Cost Comparison: Self-Hosted vs. Managed Services
To put the budget advantages in perspective, here is a realistic comparison for a small streamer doing 20 hours per month at 720p with 25 average concurrent viewers:
- Self-hosted ($5 VPS): $5/month. Total annual cost: $60.
- Mux: ~$0.075/min delivery + $0.025/min encoding. ~$120/month for the same usage.
- AWS MediaLive + CloudFront: ~$80-150/month depending on region and configuration.
- Wowza Streaming Cloud: ~$75-149/month on their starter plans.
The managed services offer features you do not get with a bare VPS: adaptive bitrate transcoding, global CDN distribution, analytics dashboards, and 24/7 support. For large audiences or professional broadcasts, those features matter. But for indie projects, community streams, and personal use, the self-hosted approach delivers 95% of the functionality at 5% of the cost.

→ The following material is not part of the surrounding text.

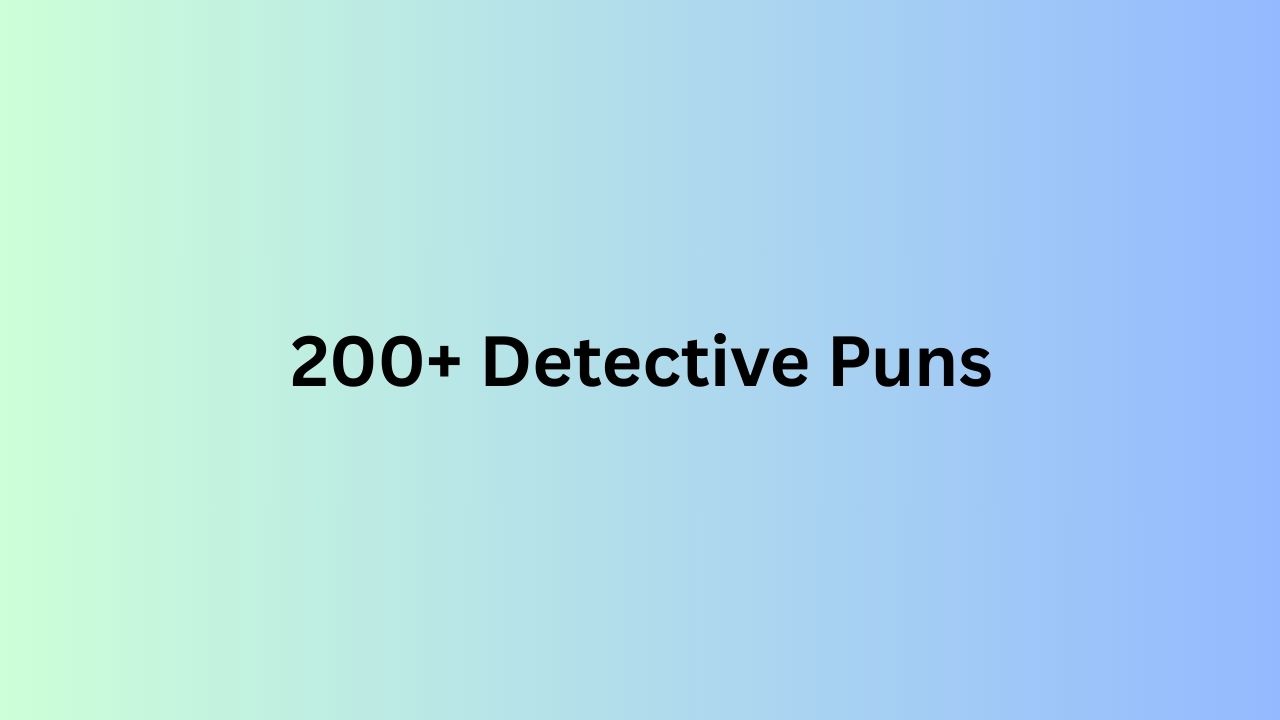 Detective Puns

When to Scale Beyond a $5 Server
A budget VPS has real limits. Consider upgrading when:
- You regularly exceed 100 concurrent viewers: At this point, bandwidth becomes the bottleneck. Move to a $20 VPS with more bandwidth or put a CDN (Cloudflare, BunnyCDN) in front of your HLS output.
- You need adaptive bitrate (ABR): Serving multiple quality levels requires transcoding, which needs significantly more CPU. A 4-vCPU server or dedicated transcoding service becomes necessary.
- You need geographic distribution: If your viewers are spread across continents, a single server means high latency for distant viewers. A CDN or multi-region relay setup helps.
- Uptime is critical: A $5 VPS is a single point of failure. For production use, add redundancy with a backup server and health checks.
The good news is that your nginx-rtmp configuration scales with you. The same config that runs on a $5 VPS works identically on a $40 dedicated server. You just get more headroom.
Wrapping Up
Self-hosting a live streaming relay is one of the best bang-for-the-buck infrastructure projects a developer can take on. For the price of a coffee per month, you get a fully functional streaming server that you control completely. The combination of nginx-rtmp for RTMP ingest, HLS for viewer delivery, and a handful of optimization tweaks makes live streaming on a $5 server not just possible but genuinely practical.
If you want an even simpler path, check out LatestRelayer on GitHub for a purpose-built solution that handles the common cases with less configuration. And if you are interested in how streaming infrastructure fits into a broader application architecture, my article on building AI-powered web applications covers patterns for integrating real-time services into modern web stacks.
The tools are open source, the servers are cheap, and the knowledge is transferable. There has never been a better time to build your own streaming infrastructure.